Method of producing a self-cleaning surface

The invention relates to a method of producing a self-cleaning surface on a substrate.

The EP 0 772 514 A1 and the DE 199 58 321 A1 describe structured hydrophobic surfaces with self-cleaning properties (Lotus effect®). In practice, however, such surfaces are destroyed with time by environmental influences, abrasion, pollen ingress, oil and grease, etc.

Photocatalytic surfaces exist, too, which mostly work on the basis of titanium oxide. Such surfaces are known, for example, from the following publications: DE 101 05 843 A1, EP 0 850 204 B1, EP 1 132 351 B1, EP 1 608 793 A1, EP 0 944 557 B1, WO 97/23572 A, WO 98/03607 A and WO 99/41322 A. In combination with UV radiation and water or moisture, hydrophilic, i.e. water-spreading, surfaces are formed, on which dirt is infiltrated by the water or moisture film and is removed or washed off. However, UV radiation and moisture are needed to uphold this “photocatalytic effect”, i.e. to maintain a permanently hydrophilic surface. Titanium dioxides with an anatase crystal structure are energized by UV at around 380 nm, which explains why this effect only works for outdoor applications. For indoor applications it would be necessary to develop specialty titanium-dioxide modifications which are also effective behind window glass, i.e. which absorb and are energized with high quantum efficiency at wavelengths >410 nm. But even these modifications will certainly not be effective in the dark.
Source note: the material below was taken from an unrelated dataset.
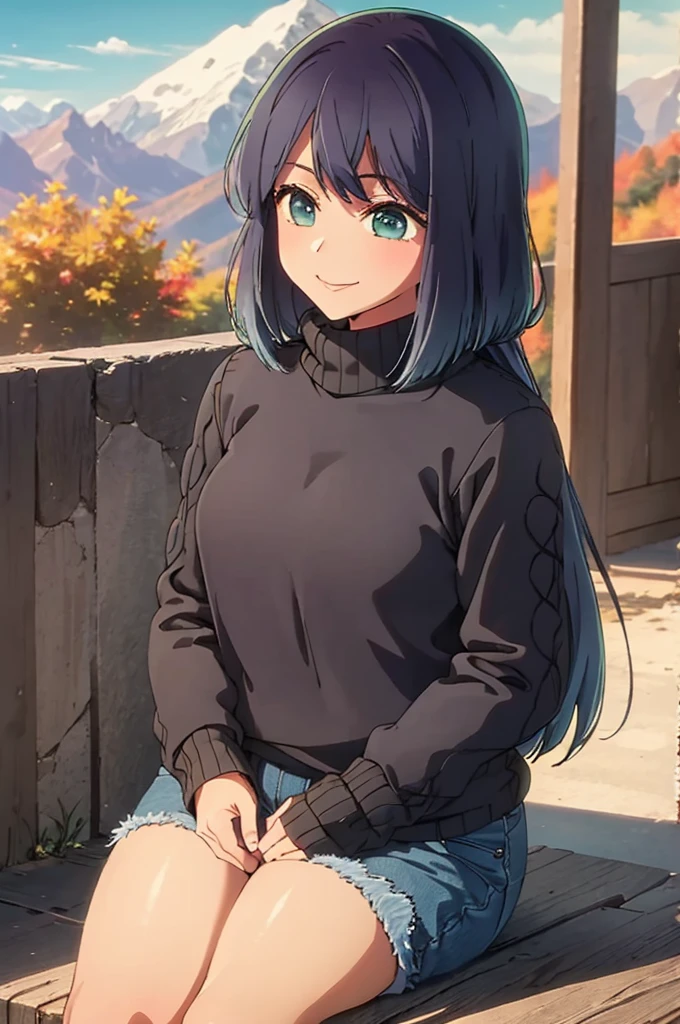 girl, jeans, chunky knit sweater, black puffer jacket, autumn, mountain, smile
The object of this invention is thus to provide a method according to the preamble, with which surfaces can be produced which are self-cleaning indoors as well and even in the dark.

This object is established according to the invention by applying a coating with hydrophilic surface components to the substrate and forming a structure in the nanometer range or a combined structure in the nano- and micrometer ranges.

The invention surprisingly demonstrates that the principles underlying the Lotus effect® apply not only to hydrophobic but also hydrophilic surfaces.

One embodiment of the invention consists in that the hydrophilic surface components are silanol, carbinol or metal hydroxide groups.

It is within the scope of the invention for a structure to be formed in the nanometer range with a size from 5 to 150 nm, preferably from 5 to 80 nm.

It is also within the scope of the invention for a structure to be produced in the micrometer range with a size from 0.2 to 50 μm, preferably from 1 to 10 μm.

Production of a layer having hydrophilic surface components such as silanol, carbinol or metal hydroxide groups generally (Si—OH, C—OH, M—OH, . . . )

• • with glass properties and/or polymer properties
  • and formation of a nanostructure or a combined structure in the nanometer range (5 to 150 nm, preferably 5 to 80 nm) and the micrometer range (0.2 to 50 μm, preferably 1 to 10 μm)
    does not poison the surface. A self-cleaning effect is obtained, i.e. a permanently hydrophilic surface in the outer region, even without the use of photocatalytically active titanium dioxide compounds or of alternative photocatalytically active oxides (tin oxide, zinc oxide, . . . ).

A useful development of the invention consists in that the coating contains structure-imparting nanoparticles.